Alors qu’elle se trouvait à l’hôpital Jawaharlall Nehru lundi dernier, que la détenue Parween J., âgée d’une trentaine d’années et qui purge une peine de 16 ans à la prison des femmes de Beau-Bassin depuis deux ans, aurait fait des allégations selon lesquelles « un haut gradé de cette institution aurait abusé d’elle sexuellement à deux reprises, les 11 et le 17 octobre derniers ». Selon différentes sources du milieu carcéral, « cette détenue n’en est pas à ses premiers démêlés avec le personnel. Elle est connue pour avoir souvent des disputes avec les officiers ». De même, affirme-t-on, « depuis qu’il a été muté à la prison des femmes et qu’il y a fait ses preuves, ce haut gradé a été victime à diverses reprises d’accusations et d’attaques de la part de détenues et d’autres personnes ». Une enquête à été initiée par la police.
« Il y a six semaines, indique-t-on dans le milieu de la prison des femmes, à Beau-Bassin, lors d’une fouille dans les cellules, des prohibited objects, dont des portables, ont été trouvés en possession de Parween J. De ce fait, la détenue a été présentée devant un comité disciplinaire et devait être incarcérée pendant deux semaines à la Special Female Prison Ward ; une cellule d’isolement où sont envoyées les détenues qui sont réfractaires à la discipline et aux règlements. » Le dimanche 4 novembre, alors qu’elle se trouvait dans cette cellule, Parween J. devait « se plaindre de crises d’épilepsie. Il s’avère, en effet, que cette détenue souffre d’épilepsie ». L’administration de la prison devait transférer Parween J. à la Female Ward de l’hôpital Jawaharlal Nehru de Rose-Belle. « C’est lundi, quand le médecin de service est passé pour autoriser la détenue à rentrer à la prison que celle-ci a déclaré qu’elle a été à deux reprises abusée sexuellement par un haut gradé de la prison des femmes. Elle a expliqué qu’à deux reprises, soit le 11 et le 17 octobre derniers, deux Female Prison Officers l’ont séquestrée dans sa cellule et que le haut gradé en question a abusé d’elle, sexuellement. »

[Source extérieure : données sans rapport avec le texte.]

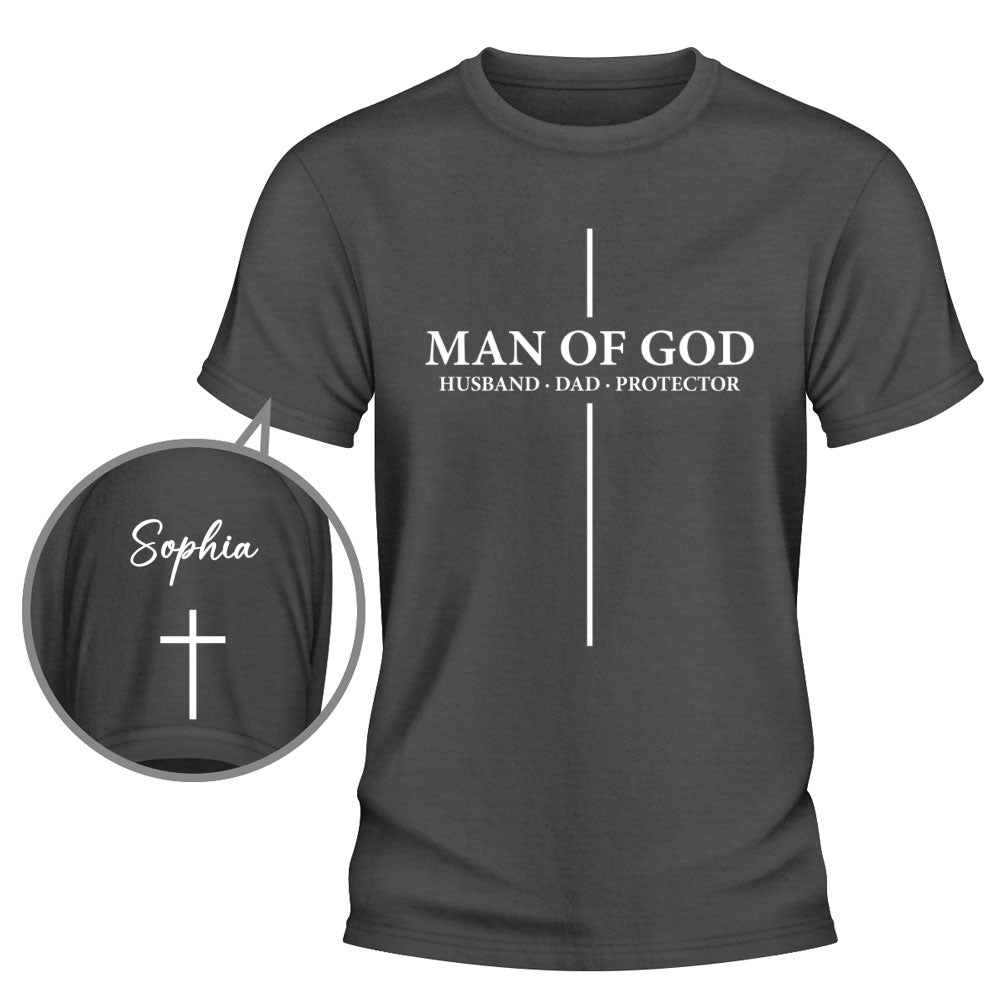 Custom Father's Day, Special Gift for Dad & Grandpa • Husband Dad Protector - Personalized Shirt With Design On Sleeve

Suivant cette déclaration de Parween J., « une entrée a été faite au poste de police de l’hôpital Nehru ; puis, l’enquête a été confiée à la police de Barkly, la détenue étant incarcérée à la prison des femmes de Beau-Bassin qui se trouve dans la special ward de Barkly ».
Dans les milieux de la prison, « nous, les officiers, sommes consternés par cette nouvelle ! » Le haut gradé pointé du doigt par la détenue Parween J. « a été victime d’une série d’attaques depuis quelques mois. Les faits remontent à la période où ce haut gradé, parti à la retraite, a été rappelé par l’administration de la prison parce que la situation était devenue ingérable à la prison des femmes ces sept dernières années. » Dans un premier temps, ajoutent ces interlocuteurs, « des lettres anonymes ont été envoyées à l’encontre du haut gradé. Puis, certaines détenues ont été enregistrer une plainte à la Human Rights Commission. Les allégations de la détenue Parween J. est, à notre sens, la dernière attaque en date, vu que les différentes tentatives pour déstabiliser ce haut gradé n’avaient pas fonctionné ».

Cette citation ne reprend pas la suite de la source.